The question remains, however, as to the propriety of dismissing the causes of action for damages. We believe the answer is also found in Flores, supra. In Flores, contrary to the procedure in the case at bench, the trial court had retained jurisdiction of the cause of action for damages and, after trial on the merits, determined that issue in favor of defendant. In so doing it was found that, upon Flores' refusal to leave the premises, he became a trespasser and that defendants used no more force than necessary in ejecting him with the result that he failed to prove his cause for damages. In elaborating on this phase of the case the court said:
‘Appellant's argument that if the administrative remedy is exclusive, it is incomplete and inadequate, is based on the misconceived notions (1) that it precludes recovery of the damages allowed by former Civil Code, ss 52 and 54, and . . ..

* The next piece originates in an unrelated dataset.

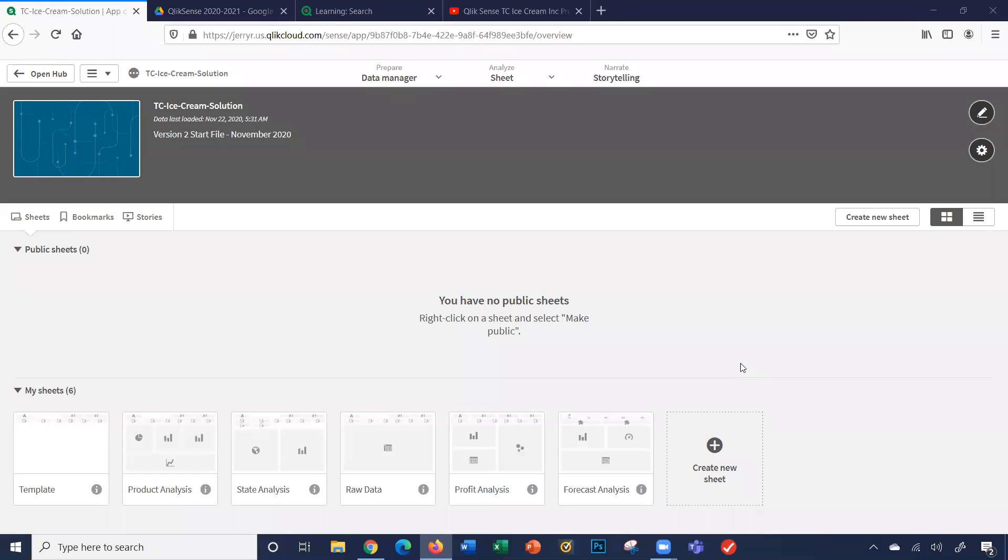Hi, the purpose of this video is to walk through the TC Icecreen Qlik Sense application project.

However, the trial court did not purport to deny appellant damages against respondents because the administrative remedy precluded such a recovery; its determination in this respect was based on findings that respondents were privileged (or indeed, obligated) to ask appellant to leave, and that when he refused, he became a trespasser upon whose person respondents were privileged to, and did, exercise reasonable force to accomplish his ejection. These determinations did not rest on the theory of exclusiveness of remedy, but were judicial findings based upon the merits of appellant's case. The dismissal for lack of jurisdiction applied only to appellant's injunctive cause of action.' (pp. 747—748, 13 Cal.Rptr. p. 208, 361 P.2d 928.)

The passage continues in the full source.